Tri-State Gimme 5 Results
On Tuesday night, June 4, 2024, the Tri-State Gimme 5 draw in New Hampshire brought 06 15 17 22 28 back after days away. Given an expected cadence of 1 in 575,757 draws, this interval places the result well beyond typical spacing and makes it a meaningful entry for long-term distribution tracking.
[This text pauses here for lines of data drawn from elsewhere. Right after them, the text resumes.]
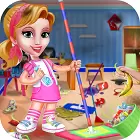 欢乐打扫城堡世界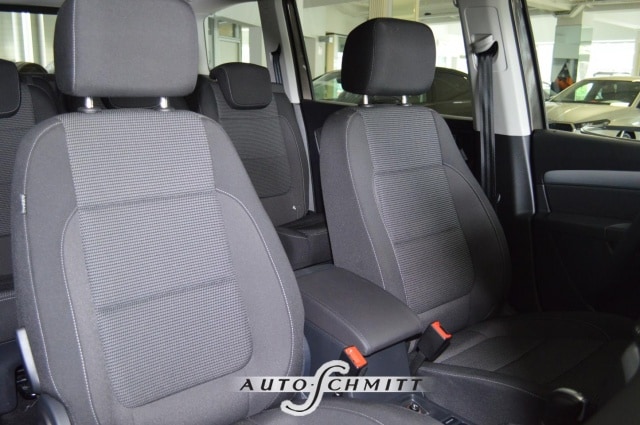 Volkswagen Sharan 1.4 TSI Comfortline DSG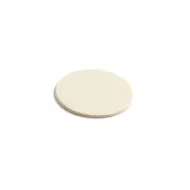 Adhesive hole cover Ø13mm ivory (20 pcs/sheet)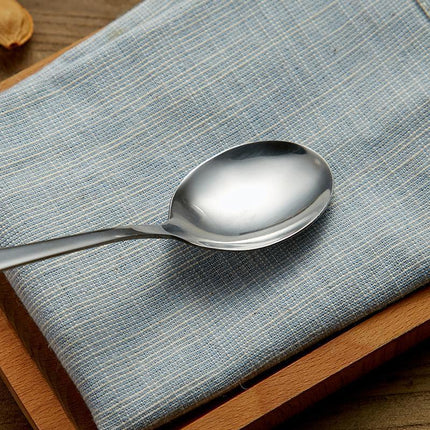 Elegant Cutlery Set | Premium 5-Piece Scandinavian Design with Wooden Handles for Timeless Dining 8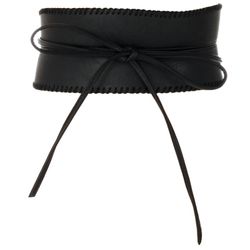 Ceinture large en cuir PU avec ceinture de ceinture et ceinture de ceintures minces - Newchic - Modalova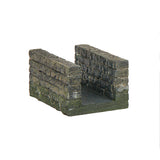 Bachmann 44-0142 OO Gauge Watermill Race and Gate
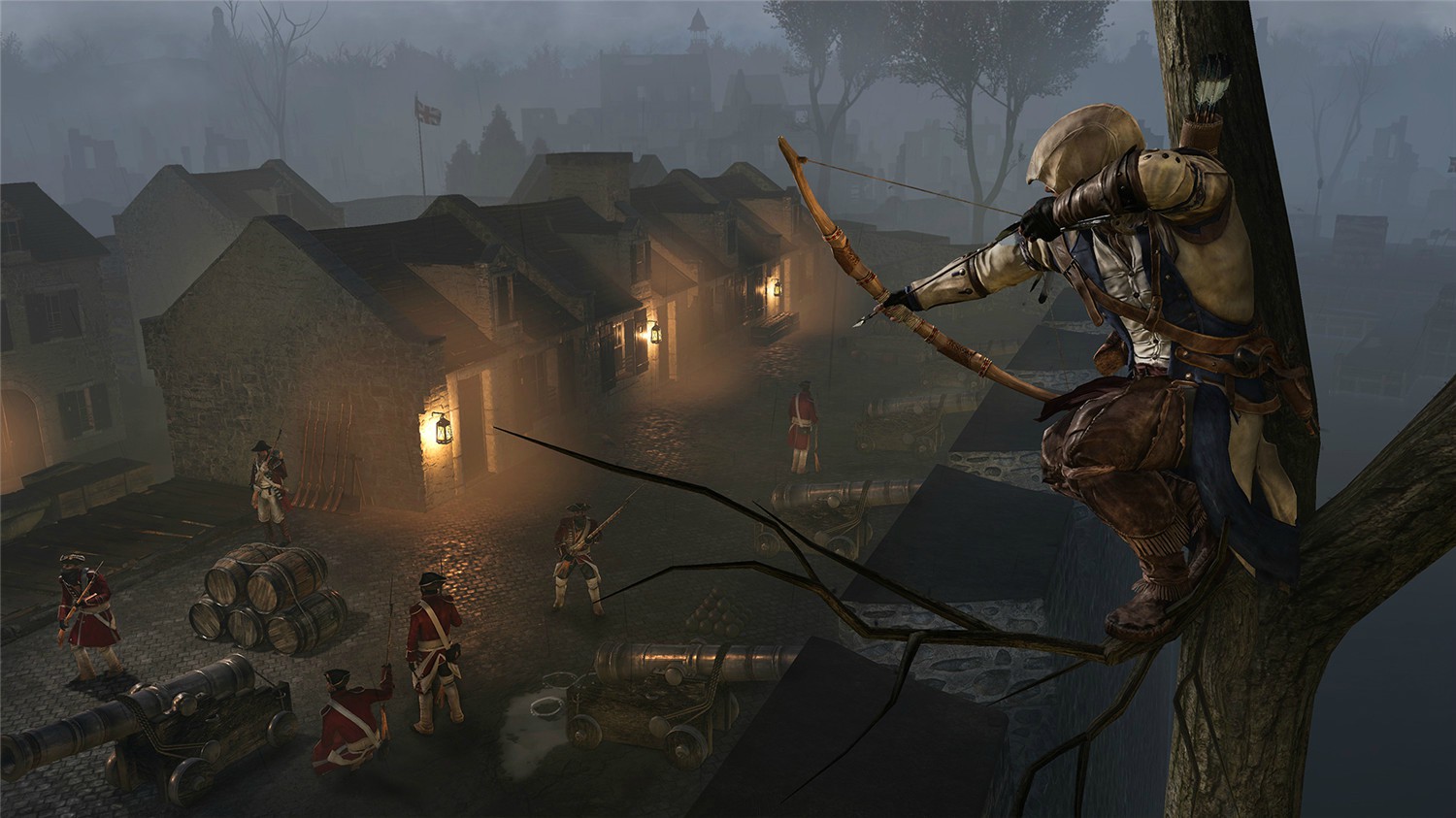 图片[2]|刺客信条3重制版/Assassin\’s Creed III Remastered|笨狗单机游戏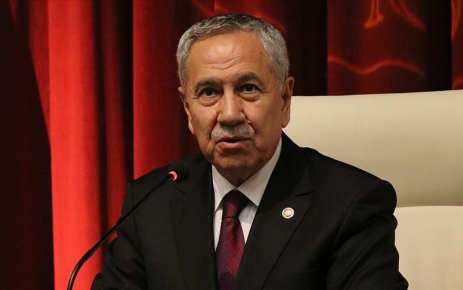 AK Parti kurucusu ve devlet adamı Bülent Arınç, Cumhurbaşkanlığı Yüksek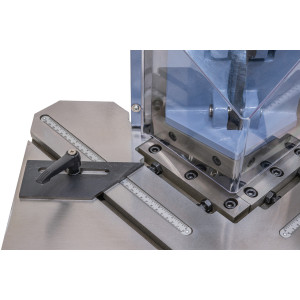 Bernardo AK 150 PT Pneumatische Ausklinkmaschine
Winning numbers for 1 draw on June 4, 2024 in New Hampshire.
Draw times: Evening.
Our take on the Tri-State Gimme 5 results
June 4, 2024Tri-State Gimme 5 report — Tuesday night, June 4, 2024: 06 15 17 22 28 shows a notable pattern
On Tuesday night, June 4, 2024, the Tri-State Gimme 5 draw in New Hampshire brought 06 15 17 22 28 back after days away. Given an expected cadence of 1 in 575,757 draws, this interval places the result well beyond typical spacing and makes it a meaningful entry for long-term distribution tracking.
Overview
On Tuesday night, June 4, 2024, the Tri-State Gimme 5 draw in New Hampshire brought 06 15 17 22 28 back after days away. Given an expected cadence of 1 in 575,757 draws, this interval places the result well beyond typical spacing and makes it a meaningful entry for long-term distribution tracking.
Combo Profile
The numbers in 06 15 17 22 28 cover a wide range (6 to 28) with no repeats.
Why Droughts Matter
Extended gaps are context, not a cue - they highlight the tail behavior of the system. Their value is in long-horizon tracking.
Data Notes
Results are evaluated against historical frequency baselines where available. The goal is documentation and context rather than prediction.
From Stepzero
Stepzero focuses on documenting distribution behavior over large samples. Each report is a snapshot of observed outcomes, designed to support disciplined, long-term analysis.
Additional Context
Record-keeping at scale becomes the foundation for analysis. Each outcome, whether typical or unusual, contributes to the stability and clarity of the long-run picture.
Context improves with scale. As more draws accumulate, isolated anomalies either normalize into baseline rates or reveal persistent deviations that warrant closer monitoring.
Long-horizon tracking is the only reliable way to separate short-term noise from persistent drift. By logging each outcome against its expected cadence, the system builds a distribution profile that becomes more stable as the sample grows.
Adding to the Long-Term Record
With its return, 06 15 17 22 28 contributes another meaningful data point to the historical dataset. Each draw - whether routine or statistically unusual - refines the long-term view of how large random systems behave over time.